Vangelis listened without saying a word, and so when I finished I asked him if I had shocked him. “No, not shocked. But it’s the first time I heard of a video being shown in a museum gallery. What was the exhibition about?” A reasonable question, especially since a lot of contemporary art isn’t all that accessible. An even better question when it comes to group shows, since presumably it means more than simply the sum of encounters with the individual works.

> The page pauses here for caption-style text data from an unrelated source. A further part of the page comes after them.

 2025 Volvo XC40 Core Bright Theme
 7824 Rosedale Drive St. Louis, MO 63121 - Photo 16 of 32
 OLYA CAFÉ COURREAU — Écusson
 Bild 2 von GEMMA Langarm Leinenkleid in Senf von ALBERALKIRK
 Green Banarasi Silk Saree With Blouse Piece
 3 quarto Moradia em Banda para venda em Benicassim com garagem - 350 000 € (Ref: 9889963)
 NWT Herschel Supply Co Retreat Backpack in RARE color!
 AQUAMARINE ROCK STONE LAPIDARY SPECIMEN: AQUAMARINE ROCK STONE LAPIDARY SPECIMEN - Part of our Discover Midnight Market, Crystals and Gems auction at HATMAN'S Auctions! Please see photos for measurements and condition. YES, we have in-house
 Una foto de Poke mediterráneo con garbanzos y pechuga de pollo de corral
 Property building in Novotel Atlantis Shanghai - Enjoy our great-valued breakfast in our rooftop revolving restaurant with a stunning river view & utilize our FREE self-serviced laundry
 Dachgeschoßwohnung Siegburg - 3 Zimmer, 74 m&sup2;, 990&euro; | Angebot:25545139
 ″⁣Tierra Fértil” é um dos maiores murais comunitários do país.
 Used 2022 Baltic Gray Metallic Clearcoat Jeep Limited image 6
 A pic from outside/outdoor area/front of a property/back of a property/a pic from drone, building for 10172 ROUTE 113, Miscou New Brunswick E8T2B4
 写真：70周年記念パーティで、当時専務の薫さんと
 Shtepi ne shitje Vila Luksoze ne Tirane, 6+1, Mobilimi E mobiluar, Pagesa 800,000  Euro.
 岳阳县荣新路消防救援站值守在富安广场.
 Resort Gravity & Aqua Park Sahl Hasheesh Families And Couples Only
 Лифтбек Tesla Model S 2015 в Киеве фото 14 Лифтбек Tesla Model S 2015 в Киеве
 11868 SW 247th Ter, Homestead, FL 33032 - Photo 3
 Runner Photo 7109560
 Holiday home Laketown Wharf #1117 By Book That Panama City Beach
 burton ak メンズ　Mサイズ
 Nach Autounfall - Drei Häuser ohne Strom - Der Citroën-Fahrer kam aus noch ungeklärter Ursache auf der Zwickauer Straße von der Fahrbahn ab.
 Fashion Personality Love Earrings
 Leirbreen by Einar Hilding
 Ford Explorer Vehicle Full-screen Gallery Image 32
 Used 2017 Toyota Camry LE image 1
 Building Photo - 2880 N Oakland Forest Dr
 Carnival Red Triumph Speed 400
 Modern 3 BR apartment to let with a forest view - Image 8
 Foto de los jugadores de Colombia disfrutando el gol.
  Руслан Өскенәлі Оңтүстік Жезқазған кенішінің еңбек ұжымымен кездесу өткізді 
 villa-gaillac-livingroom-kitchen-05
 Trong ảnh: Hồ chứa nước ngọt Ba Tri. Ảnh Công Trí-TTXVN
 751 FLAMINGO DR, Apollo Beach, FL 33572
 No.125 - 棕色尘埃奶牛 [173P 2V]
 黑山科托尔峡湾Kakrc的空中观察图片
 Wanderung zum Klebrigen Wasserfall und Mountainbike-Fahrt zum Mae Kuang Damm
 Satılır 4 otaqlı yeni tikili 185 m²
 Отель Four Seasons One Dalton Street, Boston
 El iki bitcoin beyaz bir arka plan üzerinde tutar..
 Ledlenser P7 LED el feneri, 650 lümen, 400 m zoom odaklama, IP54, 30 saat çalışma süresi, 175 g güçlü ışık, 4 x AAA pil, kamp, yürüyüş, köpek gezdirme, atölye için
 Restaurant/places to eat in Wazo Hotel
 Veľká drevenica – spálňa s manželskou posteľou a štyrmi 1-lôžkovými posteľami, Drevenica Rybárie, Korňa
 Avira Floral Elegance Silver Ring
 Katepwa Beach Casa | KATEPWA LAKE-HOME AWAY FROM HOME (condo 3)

Cataloguing and archiving came to mind: Eichhorn’s lexicon, her collection of three-minute films; the scenes shot in the Japanese Library of Sexual Archives that appear in Hito Steyerl’s “Lovely Andrea”, a German woman’s search for a picture taken of her in bondage years ago in Tokyo (but also the hundreds of magazines and files of photographs in the office of a Japanese photographer specializing in bondage shooting). But most of all Henrik Olesen’s “some gay-lesbian artists and/or artists relevant to gay culture V,VI,VII”, consisting of several very large panels on which the artist had tacked museum-card reproductions or cut-outs from art books and exhibition catalogs of works of gay artists or works with homoerotic imagery. The installation looked somewhat like the results of a school project or (as the exhibition catalog notes) the crime-scene room at a police precinct. I had admired Eatkins’ rowers and boxers before and Sargent’s paintings of young men, but seeing them arranged in this way along with other similar paintings was a revelation. And an opportunity to become acquainted (even via a museum card) with marvelous paintings I hadn’t known about: Sargent’s Tommies Bathing for example, or Gustave Caillebotte’s Les raboteurs du parquet.
The image of Caillebotte’s floor scrapers is how I like to think of Jacek working. His painting lends a nobility to the manual work of the floor scrapers: one can almost see the muscular backs of the workers ripple as they slide their planers back and forth, hear their rhythmic heavy breathing in the stillness of the early afternoon. Of course I never did visit Jacek on a construction site (that would have been too bold for him) and now that he’s moved back to Poland, I won’t see him again at all, much less on site. And I don’t know how much he enjoyed the physical exertion of his work or what he thought about as he primed a wall to be painted. I hope he’s happy back in Poland, however much I miss him.